La FAO, le PAM et l’UNICEF demandent instamment à pouvoir bénéficier d’un accès humanitaire et intervenir sans attendre pour éviter ce qui risque de devenir la pire crise alimentaire de l’histoire récente
Rome/New York – Quatre mois après que la situation de famine a été confirmée pour la première fois dans le camp de Zamzam (État du Darfour septentrional), au Soudan, d’autres parties de cet État et certaines zones du secteur ouest des monts Nouba ont été reconnues comme étant en situation de famine, au moment où l’accès à l’alimentation et à la nutrition pour des millions de personnes dans tout le pays continue de se détériorer. C’est le message d’alerte qu’ont lancé aujourd’hui l’Organisation des Nations Unies pour l’alimentation et l’agriculture (FAO), le Programme alimentaire mondial (PAM) et le Fonds des Nations Unies pour l’enfance (UNICEF).
Dans le dernier rapport du Comité d’examen de la famine* et les nouvelles prévisions du Cadre intégré de classification de la sécurité alimentaire (IPC)*, des données fiables mettent en évidence une situation de famine dans au moins cinq régions du Soudan, parmi lesquelles les camps de Zamzam, d’Abu Shouk et d’Al Salam, dans le Darfour septentrional, ainsi que dans le secteur ouest des monts Nouba, la famine touchant à la fois les habitants et les personnes déplacées à l’intérieur du pays. La famine est attendue dans cinq autres régions entre décembre 2024 et mai 2025: Um Kadadah, Melit, El Fasher, At Tawisha et Al Lait, dans le Darfour septentrional. Le rapport souligne également un risque de famine dans 17 autres régions au cours de la même période.
Plus de 24,6 millions de personnes au Soudan, soit plus de la moitié de la population analysée, connaissent actuellement des niveaux élevés d’insécurité alimentaire aiguë (phase 3 ou supérieure de l’IPC). Parmi celles-ci, 8,1 millions sont en situation d’urgence (phase 4 de l’IPC) et au moins 638 000 en situation de catastrophe (phase 5 de l’IPC).
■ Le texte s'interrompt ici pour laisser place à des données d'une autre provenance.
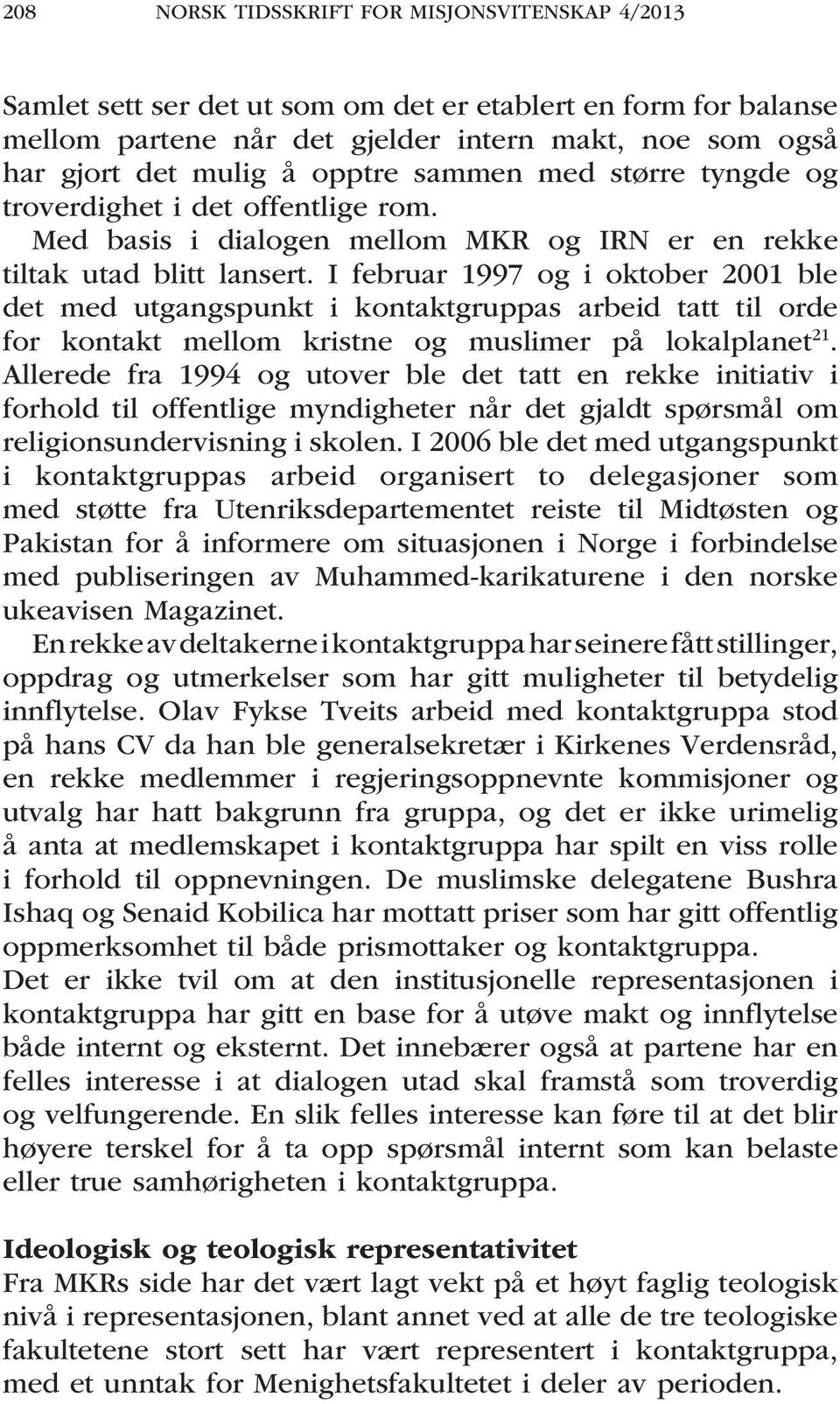 I februar 1997 og i oktober 2001 ble det med utgangspunkt i kontaktgruppas arbeid tatt til orde for kontakt mellom kristne og muslimer på lokalplanet 21.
Ces résultats marquent une aggravation alarmante de la faim et de la malnutrition au moment où se déroule habituellement la campagne de récolte, au cours de laquelle les disponibilités alimentaires devraient être les plus importantes. La progression de la faim à une telle période, comme l’a mis en évidence la classification du Comité d’examen de la famine, montre que les récoltes ne sont pas acheminées partout dans le pays du fait de la persistance du conflit, qui entrave le fonctionnement des marchés et la circulation des marchandises. En l’absence d’un accès humanitaire immédiat et sans restriction et d’une aide internationale urgente, la famine risque de gagner encore du terrain en 2025 et de menacer la vie de millions de personnes, principalement des enfants, et d’accentuer ce qui est déjà l’une des crises alimentaires les plus graves au monde.
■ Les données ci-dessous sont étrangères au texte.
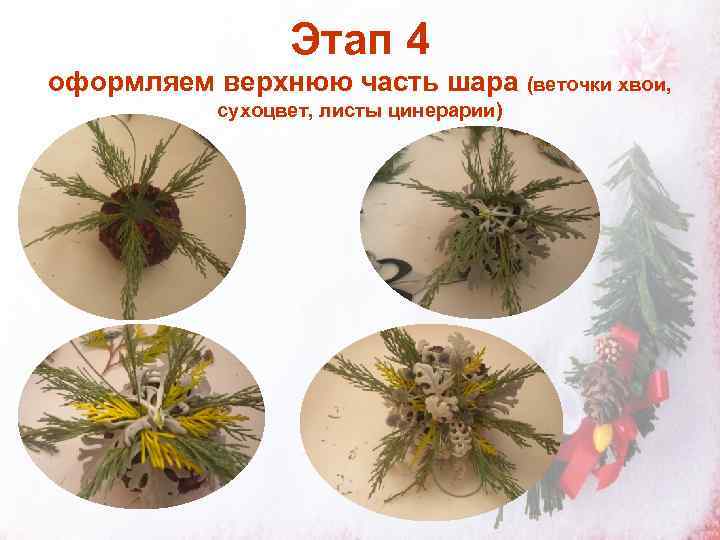    Этап 4 оформляем верхнюю часть шара (веточки хвои,   сухоцвет,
Les conflits, les déplacements de population et les restrictions de l’accès à l’aide humanitaire demeurent les principaux facteurs à l’origine de cette crise. Dans le camp de Zamzam (Darfour septentrional), où la famine a été confirmée pour la première fois en août 2024, la situation reste désastreuse malgré quelques livraisons d’aide alimentaire humanitaire. Les violences persistantes et les difficultés économiques ont perturbé les marchés, entraîné le déplacement de millions de personnes et porté les prix des produits de base à des niveaux inabordables pour la majorité de la population.
La prochaine vague de famine devrait commencer bien avant la saison des pluies – période de soudure au cours de laquelle l’insécurité alimentaire gagne généralement du terrain – et l’accès humanitaire est entravé à la fois par des blocages d’origine humaine et par des problèmes logistiques. Il est essentiel d’agir immédiatement pour préparer des stocks d’approvisionnement afin d’éviter des souffrances humaines d’une ampleur sans précédent.
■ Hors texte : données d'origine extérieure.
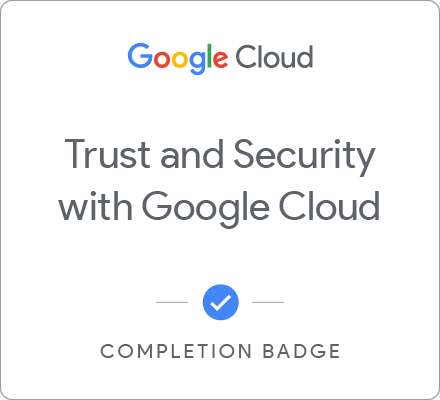 Trust and Security with Google Cloud 배지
Par ailleurs, les zones de conflit intense, y compris certaines parties de Khartoum et d’Al Jazirah, seraient déjà en proie à la famine (phase 5 de l’IPC), mais il est impossible de le confirmer en l’absence de données fiables ou récentes en provenance de ces régions. Cela montre qu’il faut procéder sans délai à de nouvelles évaluations pour déterminer avec certitude l’étendue de la crise et fournir l’aide humanitaire requise d’urgence.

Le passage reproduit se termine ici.